The final version is a huge jump from the immediately proceeding version. How can we go from one to the next?

This is Where C++0x comes into play

These next examples use type inference, one of the features in C++0x. If you followed the steps mentioned above, you’ll be able to take this code as is and get it to compile. (All of the examples here come from compiling code with all of the tests passing.)

The Infrastructure

First, the top of the source file:

#include <boost/bind.hpp>
#include <numeric>
#include <boost/shared_ptr.hpp>
#include <CppUTest/TestHarness.h>

using boost::bind;

struct Value {
  Value(int v) : v(v) {}
  int getValue() const { return v; }
  operator int() { return v; }
  int v;
};

TEST_GROUP(plusAndBind) {
};

Notice that the Value class has both getValue() and operator int(). The conversion operator (operator int()) is used in one of the examples but not the final version.)
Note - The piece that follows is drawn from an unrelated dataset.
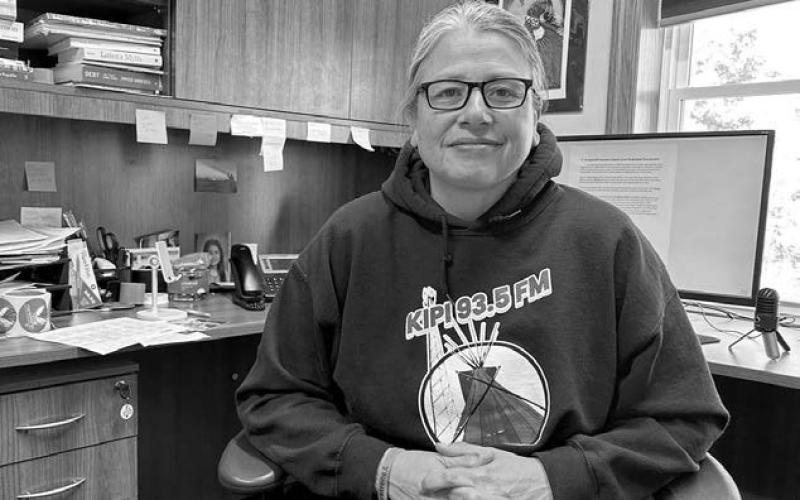 Chaz Jewett is the station manager at KIPI-FM, the tribally-owned and funded radio station that broadcasts from Eagle Butte. Photo by Jon Flatland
Calling the functor Directly

This first test demonstrates simply calling add with two arguments:

TEST(plusAndBind, callDirectly) {
  Value v(42);
  std::plus<int> add;
  int result = add(10, v.getValue());
  LONGS_EQUAL(52, result);
}

This works because std::plus implements operator(). This is significant because when an instance of std::plus is passed into a template method, the template method can execute it as if it were a function. Consider the following:

int foo(int a, int b) {
  return a + b;
}

int bar() {
  return foo(10, 42);
}

int baz() {
  int (*f_pointer)(int,int) = foo;
  return f_pointer(10, 42);
}

int muchBetter() {
  std::plus<int> functor;
  return functor(10, 42);
}

Initially, theres a definition for foo, which simply adds two values. bar calls foo directly. The function baz creates a pointer to a function, called f_pointer, and initializes it with foo. It then calls foo through the pointer to a function.

The function muchBetter demonstrates the same thing using a functor,std::plus, that has an operator() as part of its definition.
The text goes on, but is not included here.